Citigroup cuts its target price
FedEx (FDX) shares fell 3% on March 7 after Citigroup (C) cuts its target price on the stock by $15 to $210. On March 7, Citigroup analyst Christian Wetherbee stated that the slowing global economy, profit headwinds from the TNT integration, and a softer outlook for the Express division might weigh on FedEx’s near-term financial performance.
Citing these near-term issues, Wetherbee lowered the third-quarter earnings estimate on FedEx to $3.05 per share, which is much lower than analysts’ consensus estimate of $3.17.
Wetherbee stated that holding the stock for a near-term gain isn’t feasible for investors. However, he argued that patient investors could be rewarded over the long term.
Analysts’ lower estimates
Analysts have been reducing their target price and earnings expectations for FedEx since December 18—after the company lowered its 2019 earnings outlook due to concerns about a possible global slowdown. During the second-quarter earnings release, FedEx’s executive vice president and CFO, Alan B. Graf, Jr., said, “Global trade has slowed in recent months and leading indicators point to ongoing deceleration in global trade near-term.”

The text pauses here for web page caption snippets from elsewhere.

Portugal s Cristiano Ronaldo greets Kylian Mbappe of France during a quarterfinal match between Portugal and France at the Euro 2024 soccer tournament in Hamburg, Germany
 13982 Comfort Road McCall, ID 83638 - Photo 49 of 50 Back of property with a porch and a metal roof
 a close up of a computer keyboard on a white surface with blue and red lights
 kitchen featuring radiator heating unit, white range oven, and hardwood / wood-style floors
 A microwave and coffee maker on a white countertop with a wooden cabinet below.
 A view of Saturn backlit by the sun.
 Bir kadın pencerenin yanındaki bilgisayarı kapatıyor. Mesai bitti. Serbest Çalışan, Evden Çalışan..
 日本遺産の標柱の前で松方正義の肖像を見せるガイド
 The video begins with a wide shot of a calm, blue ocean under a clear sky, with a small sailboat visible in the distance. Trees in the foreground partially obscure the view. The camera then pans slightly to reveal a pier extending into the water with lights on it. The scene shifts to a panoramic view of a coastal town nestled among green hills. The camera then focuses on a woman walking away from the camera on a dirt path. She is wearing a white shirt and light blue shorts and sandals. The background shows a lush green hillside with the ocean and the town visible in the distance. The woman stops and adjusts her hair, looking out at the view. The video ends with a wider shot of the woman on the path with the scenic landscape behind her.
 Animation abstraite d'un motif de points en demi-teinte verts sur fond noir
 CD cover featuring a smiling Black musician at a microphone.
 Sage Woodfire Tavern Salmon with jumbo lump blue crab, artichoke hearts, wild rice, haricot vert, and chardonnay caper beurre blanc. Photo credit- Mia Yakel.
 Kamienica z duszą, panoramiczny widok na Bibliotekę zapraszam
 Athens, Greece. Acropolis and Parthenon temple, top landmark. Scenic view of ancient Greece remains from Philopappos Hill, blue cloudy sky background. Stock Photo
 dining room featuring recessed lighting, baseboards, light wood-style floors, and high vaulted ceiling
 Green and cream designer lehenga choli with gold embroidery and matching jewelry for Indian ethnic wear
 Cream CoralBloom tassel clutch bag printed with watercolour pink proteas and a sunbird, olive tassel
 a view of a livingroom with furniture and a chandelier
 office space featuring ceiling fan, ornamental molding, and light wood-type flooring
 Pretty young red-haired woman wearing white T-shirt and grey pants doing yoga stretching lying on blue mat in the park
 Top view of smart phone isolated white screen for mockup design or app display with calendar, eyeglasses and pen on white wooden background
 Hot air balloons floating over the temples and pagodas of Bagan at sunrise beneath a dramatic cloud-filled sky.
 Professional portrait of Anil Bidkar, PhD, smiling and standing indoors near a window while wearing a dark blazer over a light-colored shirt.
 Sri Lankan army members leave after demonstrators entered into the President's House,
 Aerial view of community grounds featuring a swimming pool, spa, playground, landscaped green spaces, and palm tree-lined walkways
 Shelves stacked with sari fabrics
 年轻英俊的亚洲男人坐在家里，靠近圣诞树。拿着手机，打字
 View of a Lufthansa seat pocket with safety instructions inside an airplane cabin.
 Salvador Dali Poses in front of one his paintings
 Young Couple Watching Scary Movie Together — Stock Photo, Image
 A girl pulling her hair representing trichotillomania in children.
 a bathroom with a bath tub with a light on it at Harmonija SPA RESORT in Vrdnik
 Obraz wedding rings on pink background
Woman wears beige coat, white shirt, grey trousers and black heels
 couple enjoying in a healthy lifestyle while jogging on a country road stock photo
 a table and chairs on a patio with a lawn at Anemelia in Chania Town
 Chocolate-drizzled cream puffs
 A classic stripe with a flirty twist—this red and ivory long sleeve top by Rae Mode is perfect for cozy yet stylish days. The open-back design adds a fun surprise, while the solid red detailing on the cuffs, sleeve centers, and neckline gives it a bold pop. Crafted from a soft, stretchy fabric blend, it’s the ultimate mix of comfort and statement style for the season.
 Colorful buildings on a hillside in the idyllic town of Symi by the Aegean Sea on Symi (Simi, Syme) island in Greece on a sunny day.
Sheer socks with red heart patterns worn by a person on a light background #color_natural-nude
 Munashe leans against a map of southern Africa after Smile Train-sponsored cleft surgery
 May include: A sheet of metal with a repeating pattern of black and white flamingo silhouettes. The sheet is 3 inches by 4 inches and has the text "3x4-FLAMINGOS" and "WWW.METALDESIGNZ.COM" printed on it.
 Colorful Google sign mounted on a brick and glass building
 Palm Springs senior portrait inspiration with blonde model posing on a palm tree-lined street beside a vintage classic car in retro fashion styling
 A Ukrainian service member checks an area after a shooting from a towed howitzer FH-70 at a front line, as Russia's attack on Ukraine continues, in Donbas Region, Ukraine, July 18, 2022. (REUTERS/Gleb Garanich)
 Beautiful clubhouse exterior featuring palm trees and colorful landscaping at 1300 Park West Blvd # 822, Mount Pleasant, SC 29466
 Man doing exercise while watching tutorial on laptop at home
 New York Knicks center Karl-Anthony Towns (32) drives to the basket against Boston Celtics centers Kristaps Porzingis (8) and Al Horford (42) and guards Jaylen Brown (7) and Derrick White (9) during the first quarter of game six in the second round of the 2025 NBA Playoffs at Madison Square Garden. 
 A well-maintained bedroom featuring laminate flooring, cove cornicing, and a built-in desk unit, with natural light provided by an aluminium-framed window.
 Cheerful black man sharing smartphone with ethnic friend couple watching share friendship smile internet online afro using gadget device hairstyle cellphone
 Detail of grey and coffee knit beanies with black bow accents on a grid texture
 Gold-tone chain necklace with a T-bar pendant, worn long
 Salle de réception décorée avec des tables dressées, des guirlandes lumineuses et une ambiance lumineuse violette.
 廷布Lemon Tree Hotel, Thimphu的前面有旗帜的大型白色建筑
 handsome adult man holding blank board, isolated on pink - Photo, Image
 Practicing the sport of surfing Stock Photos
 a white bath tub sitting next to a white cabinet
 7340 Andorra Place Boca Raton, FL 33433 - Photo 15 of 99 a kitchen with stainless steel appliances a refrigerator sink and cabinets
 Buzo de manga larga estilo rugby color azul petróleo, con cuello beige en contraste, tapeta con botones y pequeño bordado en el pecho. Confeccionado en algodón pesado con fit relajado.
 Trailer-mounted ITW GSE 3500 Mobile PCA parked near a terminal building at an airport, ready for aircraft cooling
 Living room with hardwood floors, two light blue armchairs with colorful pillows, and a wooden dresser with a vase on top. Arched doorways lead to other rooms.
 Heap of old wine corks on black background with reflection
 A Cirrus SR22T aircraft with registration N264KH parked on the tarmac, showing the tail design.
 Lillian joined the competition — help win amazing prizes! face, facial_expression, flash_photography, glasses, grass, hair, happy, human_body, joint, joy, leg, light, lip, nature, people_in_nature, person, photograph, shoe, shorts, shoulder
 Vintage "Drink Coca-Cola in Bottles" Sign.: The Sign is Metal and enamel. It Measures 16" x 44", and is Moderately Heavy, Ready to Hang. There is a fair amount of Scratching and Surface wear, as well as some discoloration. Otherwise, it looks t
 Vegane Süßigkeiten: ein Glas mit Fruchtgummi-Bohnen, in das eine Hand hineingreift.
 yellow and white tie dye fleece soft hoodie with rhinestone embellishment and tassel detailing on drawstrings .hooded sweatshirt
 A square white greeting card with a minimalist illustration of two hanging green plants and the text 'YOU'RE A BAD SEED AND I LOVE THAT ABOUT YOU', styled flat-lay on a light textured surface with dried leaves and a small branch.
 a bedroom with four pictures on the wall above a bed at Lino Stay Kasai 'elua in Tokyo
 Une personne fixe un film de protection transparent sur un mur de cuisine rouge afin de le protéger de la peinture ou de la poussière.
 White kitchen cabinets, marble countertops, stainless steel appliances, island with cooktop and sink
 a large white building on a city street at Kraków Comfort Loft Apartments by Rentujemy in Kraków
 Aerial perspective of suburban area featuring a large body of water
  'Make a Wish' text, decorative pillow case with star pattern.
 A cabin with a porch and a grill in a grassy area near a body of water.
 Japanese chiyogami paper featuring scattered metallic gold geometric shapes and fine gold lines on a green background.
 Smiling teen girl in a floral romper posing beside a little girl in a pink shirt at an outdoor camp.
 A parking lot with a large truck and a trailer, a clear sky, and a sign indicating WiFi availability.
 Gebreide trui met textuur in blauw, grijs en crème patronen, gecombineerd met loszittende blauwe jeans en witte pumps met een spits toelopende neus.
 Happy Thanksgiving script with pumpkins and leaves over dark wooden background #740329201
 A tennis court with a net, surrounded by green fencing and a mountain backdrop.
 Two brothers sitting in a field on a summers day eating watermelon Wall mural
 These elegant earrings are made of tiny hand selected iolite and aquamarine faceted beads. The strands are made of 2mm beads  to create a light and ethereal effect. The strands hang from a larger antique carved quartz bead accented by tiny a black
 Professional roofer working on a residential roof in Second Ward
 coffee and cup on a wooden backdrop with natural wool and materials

After FedEx’s downbeat 2019 earnings outlook, major investment research firms including JPMorgan Chase (JPM), Credit Suisse (CS), and Morgan Stanley (MS) lowered their one-year target price on the delivery services giant (IYT). The current consensus target price of $222.35 on FedEx is 22.7% lower than the target price of $287.59 on December 17.
The mean estimate for the fiscal 2019 EPS decreased to $16.00 from $17.33 on December 17. The fiscal 2020 EPS estimates fell to $17.97 from $19.84.